Efficient Empirical Revenue Maximization in Single-Parameter Auction Environments

TL;DR

This paper introduces a polynomial-time algorithm that learns near-optimal revenue-maximizing auctions from samples across various single-parameter auction environments, handling complex and irregular valuation distributions.

Contribution

It provides the first polynomial-time method for approximately maximizing revenue in diverse single-parameter auctions with arbitrary valuation distributions, including complex environments like knapsack.

Findings

Algorithm works with arbitrary bounded distributions

Simplifies analysis using value-space approach

Extends to intractable environments like knapsack

Abstract

We present a polynomial-time algorithm that, given samples from the unknown valuation distribution of each bidder, learns an auction that approximately maximizes the auctioneer's revenue in a variety of single-parameter auction environments including matroid environments, position environments, and the public project environment.

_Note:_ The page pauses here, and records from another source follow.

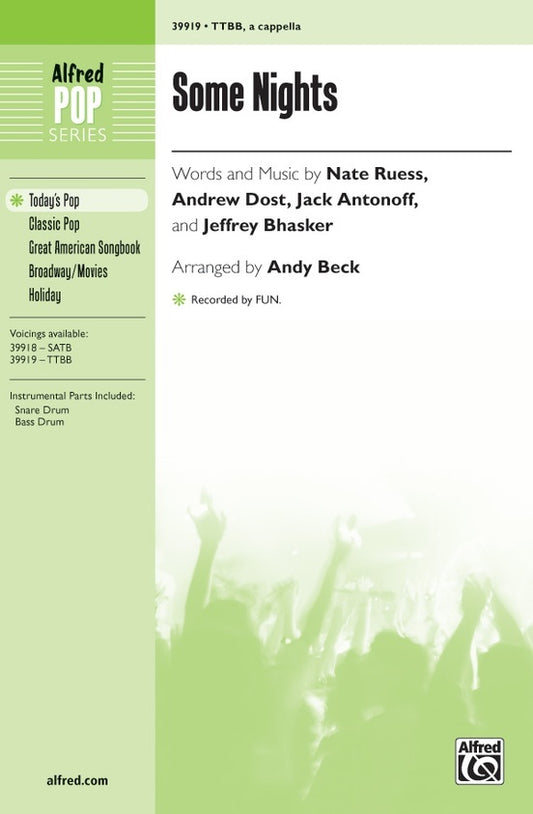 Some Nights TTBB Choral Sheet Music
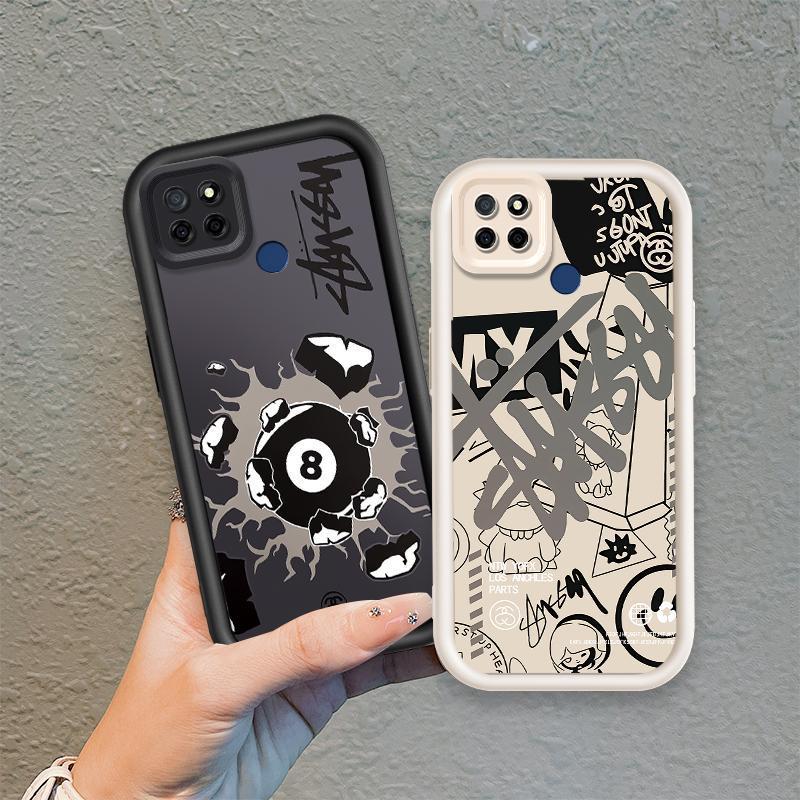 Ốp Lưng Cho Realme C12 C25 C25S C21Y C25Y C15 Narzo 30A Narzo 20 Vỏ Điện Thoại Silicon Mềm TPU Bi-a Xu Hướng Mắt Thiên Thần Chống Sốc Ốp Lưng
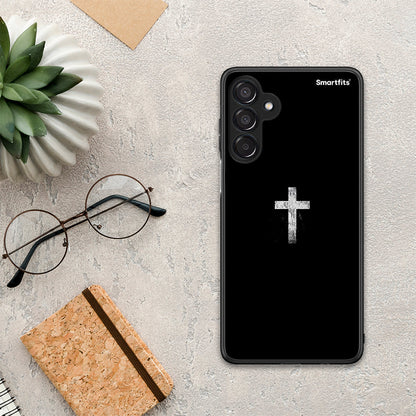 White Cross - Samsung Galaxy M15 θήκη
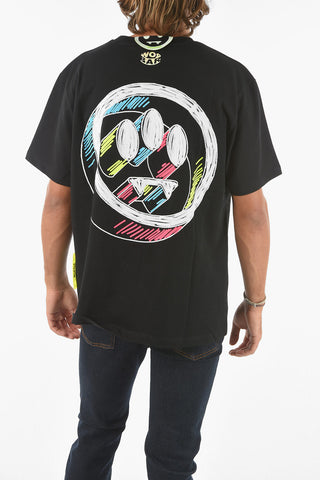 Crew-neck T-shirt with Logo-Print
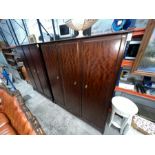 STAG MAHOGANY 3 DOOR WARDROBE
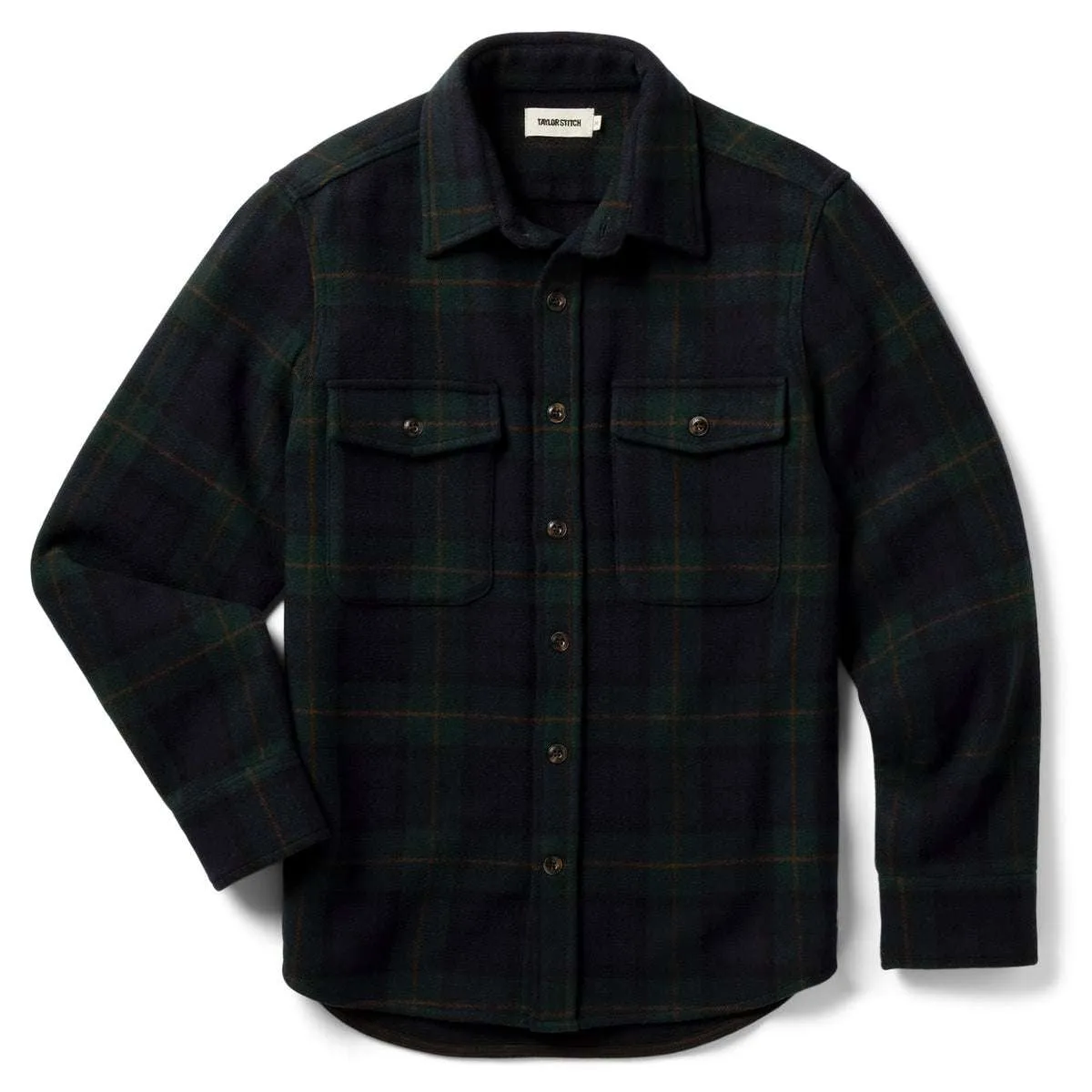 The Maritime Shirt Jacket | Saltwater Plaid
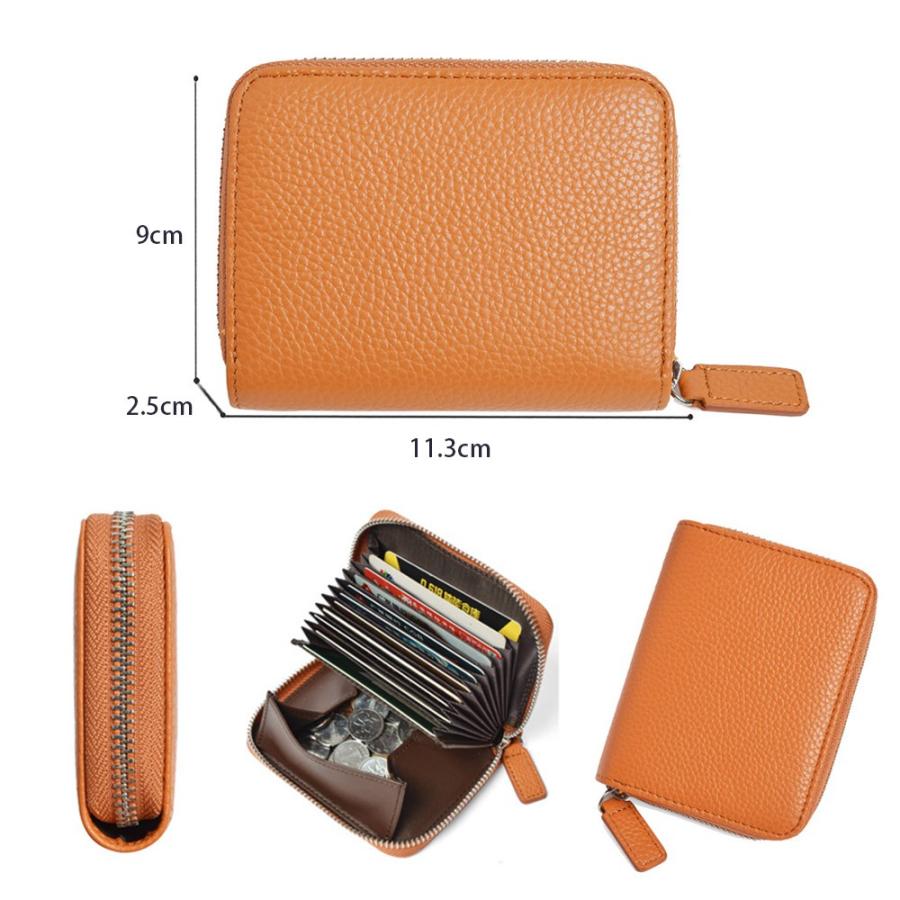 ミニ財布 本革 全11色 レザー 小銭入れ コインケース カードケース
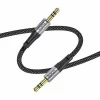 Cablu audio Hoco UPA26 AUX Jack 3.5 mm la  Jack 3.5 mm, 1 m, negru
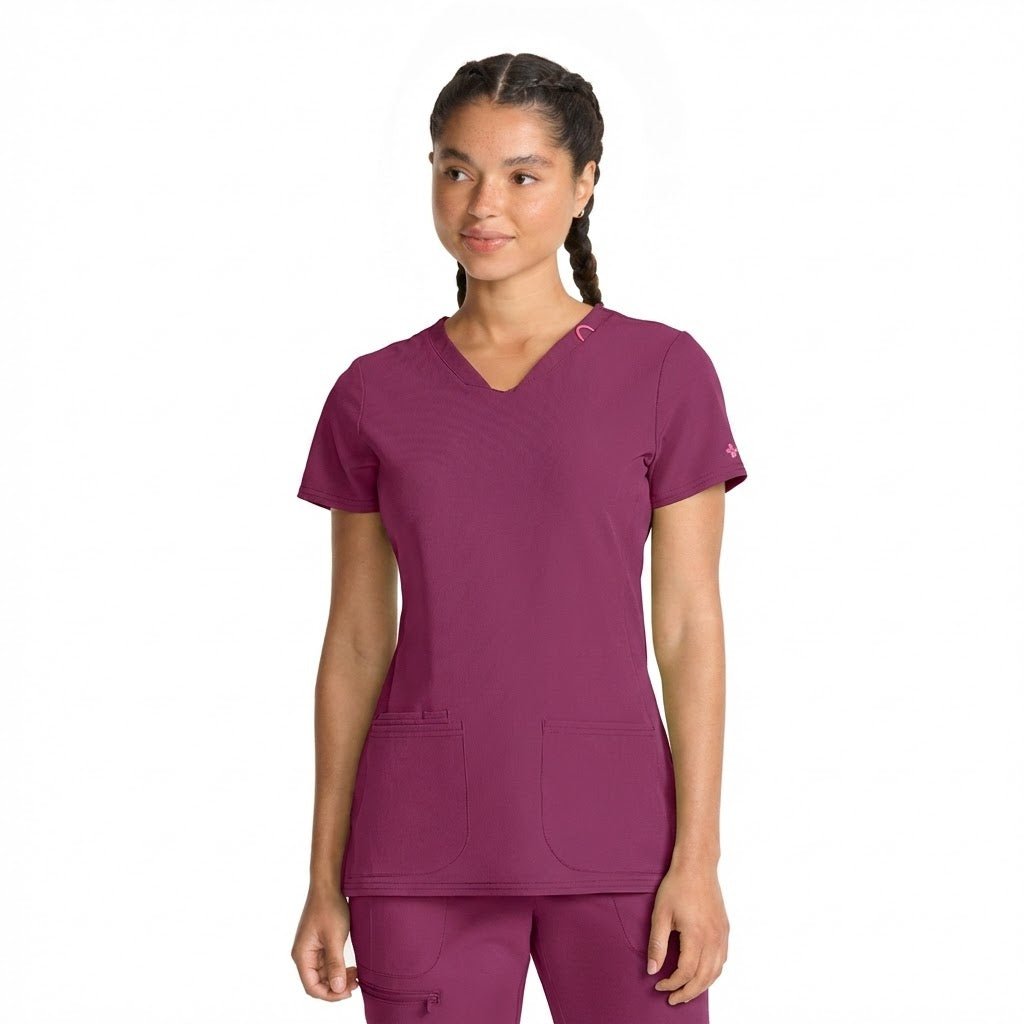 Med Couture Amp Scrubs V Neck Top MC702 - Scrubs Select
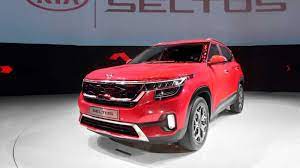 Cần bán Kia Seltos 1.4 Luxury đời 2021, màu đỏ, giá tốt0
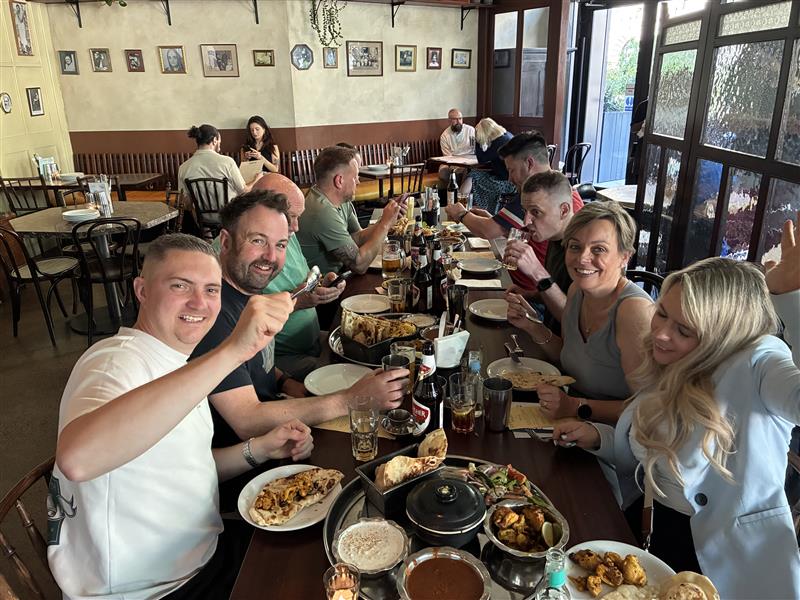 🏁F1 Champions Alert!🏆

Recently, we held an F1-themed internal competition, with our winners earning a well-earned spot on the grid at F1 Arcade in Birmingham.Our top drivers battled it out in style before refuelling with a well-deserved feast at the always incredible Dishoom🥂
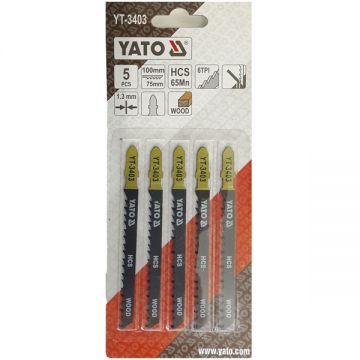 Yato  YT-3403 - Set panze fierastrau pendular tija cu un prag de prindere (T) 75 mm lemn taiere dreapta fina 5 bucati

The valuation distributions may be arbitrary bounded distributions (in particular, they may be irregular, and may differ for the various bidders), thus resolving a problem left open by previous papers. The analysis uses basic tools, is performed in its entirety in value-space, and simplifies the analysis of previously known results for special cases. Furthermore, the analysis extends to certain single-parameter auction environments where precise revenue maximization is known to be intractable, such as knapsack environments.